Putin meets 'dear friend' Xi in Kremlin as Ukraine war grinds on
(Reuters) - Vladimir Putin and his "dear friend" Chinese leader Xi Jinping planned more talks today after a Kremlin dinner where the isolated Russian president showcased his most powerful ally in the face of Western opposition to the war in Ukraine.
Washington denounced Xi's visit, saying the timing just days after an international court accused Putin of war crimes indicated Beijing was providing Moscow with "diplomatic cover" to commit additional crimes.
It was Xi's first trip abroad since he obtained an unprecedented third term last month. The Chinese leader has been trying to portray Beijing as a potential peacemaker in Ukraine, even as he deepens economic ties with his closest ally.
Putin and Xi greeted one another as "dear friend" when they met in the Kremlin on Monday, and Russian state news agencies later reported they held informal talks for nearly 4-1/2 hours, with more official talks scheduled for Tuesday.
In televised comments, Putin told Xi he viewed China's proposals for resolution of the Ukraine conflict with respect.

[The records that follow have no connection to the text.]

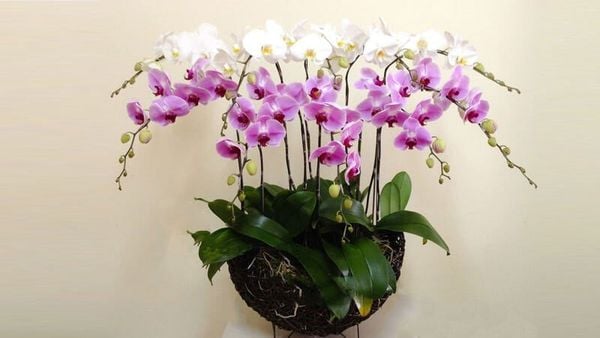 Cách cắm hoa lan hồ điệp đẹp, sang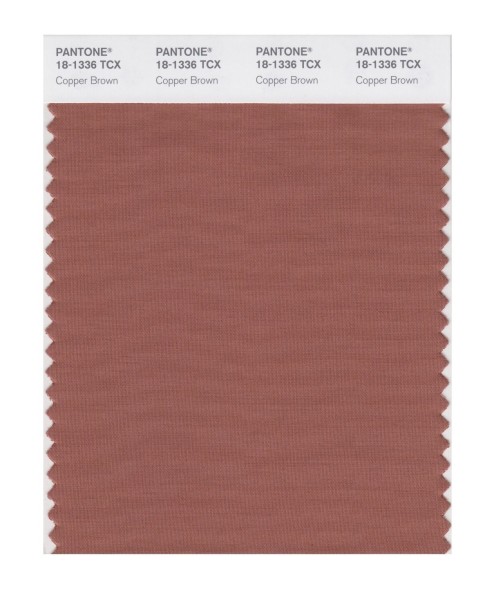 Pantone 18-1336 TCX Swatch Card Copper Brownl
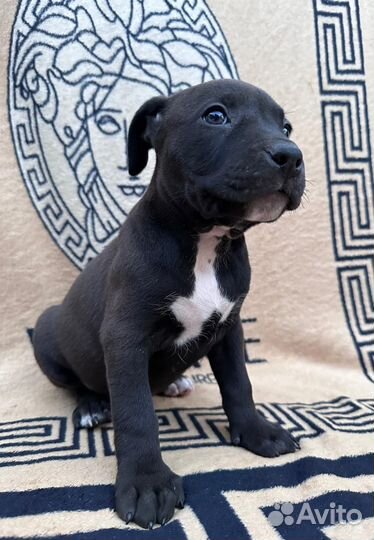 Щенки стаффорда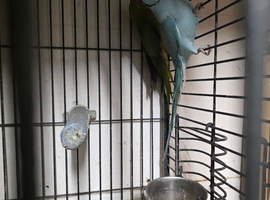 Indian ringneck male 4 years old aviary bird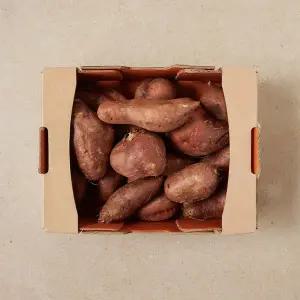 호박 고구마 (2kg)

He confessed to being "slightly envious" of China's "very effective system for developing the economy and strengthening the state".

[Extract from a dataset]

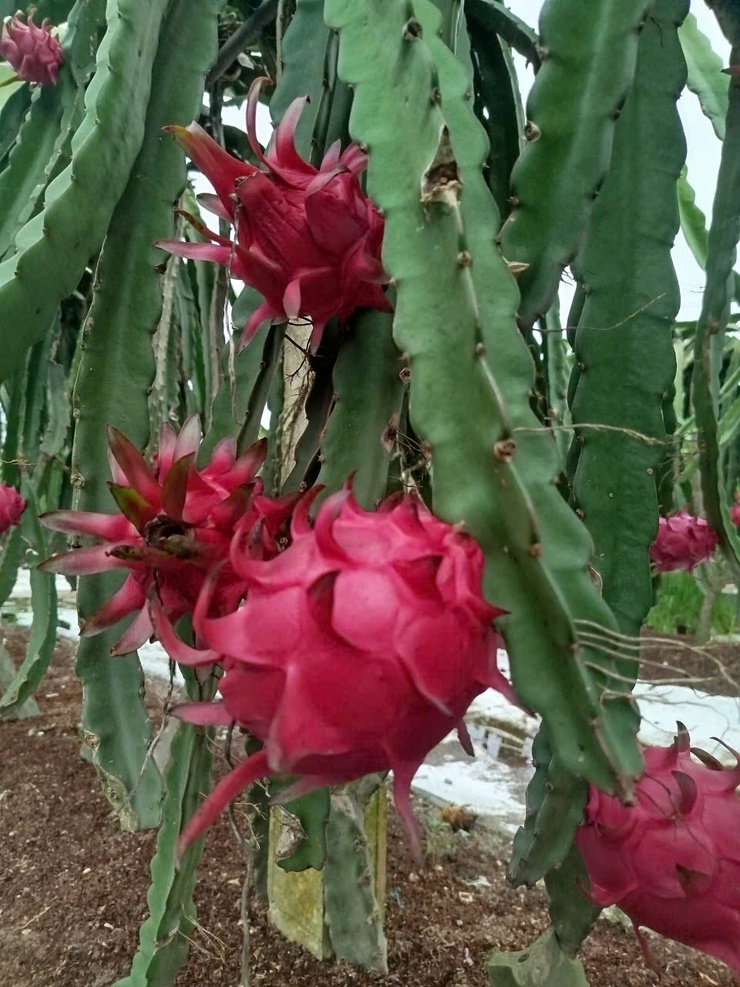 CHỊ NGUYỄN THỊ THẢO – TẤM GƯƠNG CHUYỂN ĐỔI SẢN XUẤT HIỆU QUẢ TỪ MÔ HÌNH TRỒNG THANH LONG ĐỎ Ở THÔN LỖ KHÊ- Ảnh 3.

Xi, for his part, praised Putin and predicted Russians would re-elect him next year.
Moscow has been publicly promoting plans for a visit by Xi for months. But the timing gave the Chinese leader's personal support new meaning, after the
International Criminal Court issued an arrest warrant on Friday accusing Putin of war crimes for deporting children from Ukraine.
Moscow denies illegally deporting children, saying it has taken in orphans to protect them. It opened a criminal case against the court's prosecutor and judges. Beijing said the warrant reflected double standards.
The West says the warrant should make the Russian leader a pariah.
"That President Xi is travelling to Russia days after the International Criminal Court issued an arrest warrant for President Putin suggests that China feels no responsibility to hold the Kremlin accountable for the atrocities committed in Ukraine," U.S. Secretary of State Antony Blinken said.
"Instead of even condemning them, it would rather provide diplomatic cover for Russia to continue to commit those grave crimes.”